- Virginia has seen roughly 50% of their potential sports betting tax benefits due to sportsbooks deducting promotions and bonuses.
- The budget approval requires operators that are live for 12 months to pay these taxes moving forward.
RICHMOND, Va. – Virginia is joining Colorado as the second state to remove promotion deductions for sports betting.
With a tax rate of 15%, Virginia has lost out on roughly 50% of their tax benefits from sportsbooks deducting bonuses.
With $33.7 million sent to Virginia for tax purposes, the year and a half of sports betting would have contributed nearly $70 million had the deductions not been in place.
In Year 1, the sportsbooks held the power, sending $18.6 million to the government ($11.9 million from FanDuel alone). Meanwhile, $38.2 million could have been recorded.
Regardless, Virginia’s budget requires Virginia sportsbooks that have been active for a year to pay taxes on these deductions. Currently, seven sportsbooks fit this mold.
- BetMGM
- BetRivers
- Caesars
- DraftKings
- FanDuel
- Unibet
- WynnBET
An eighth in Barstool Sportsbook will be included, once its one-year anniversary hits on August 10.

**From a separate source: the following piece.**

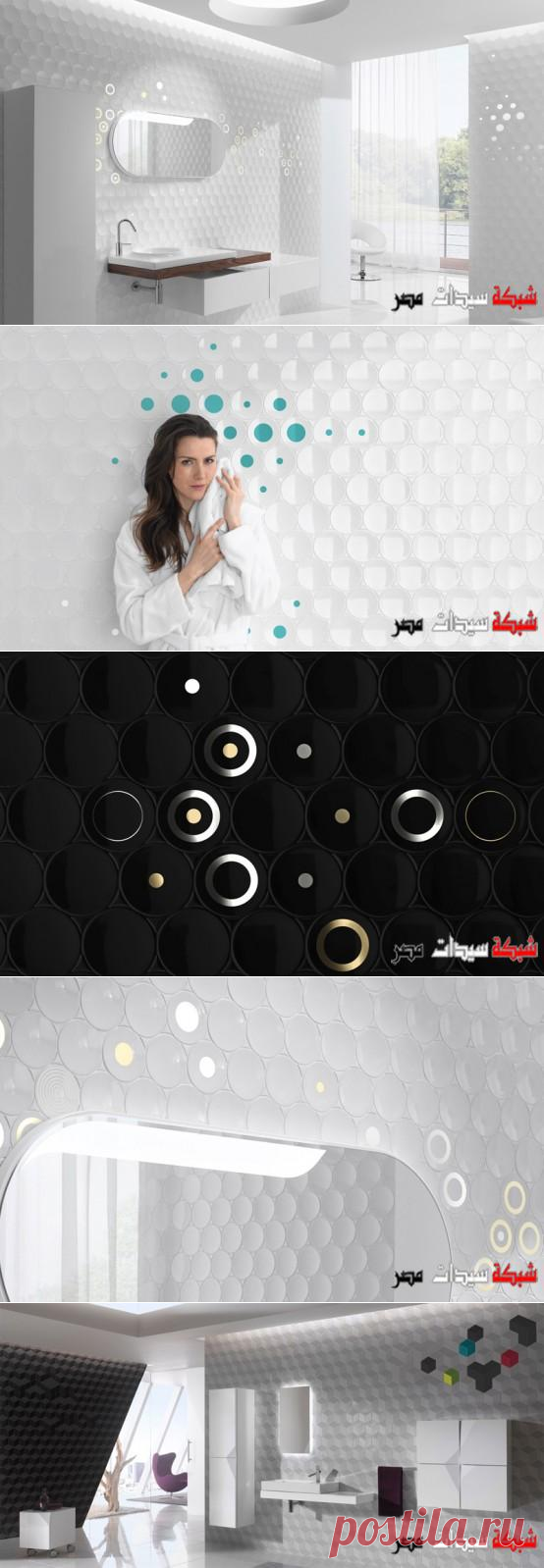 ديكورات جديدة 2021 - سيراميك مختلف للحمامات 2021 - Bathroom decoration ideas 2021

Virginia’s Record On Deducting Promtional Dollars
While the concept was brought forth from the budget approval, this isn’t the first time Virginia policymakers attempted this change.
In the past session, HB 1103 was introduced to cap the promotional deductions at 12 months, as it was previously uncapped. However, HB 1103 barely advanced, being referred to and left in Committee on General Laws.
This measure would have also supported removing a rollover should a sportsbook end that month in the red. The budget did not include this idea while being approved, but the 12-month cap is official.
Sportsbooks in Virginia have deducted roughly $100 million from gambling bonuses and promotions. This resulted in some sportsbooks giving almost no benefit to the state.
Also included in the budget was interest-free loan availability from the Virginia Lottery. The Secretary of Finance can authorize this loan “to fund start-up costs associated with the implementation of Casino Gaming and Sports Betting activities”.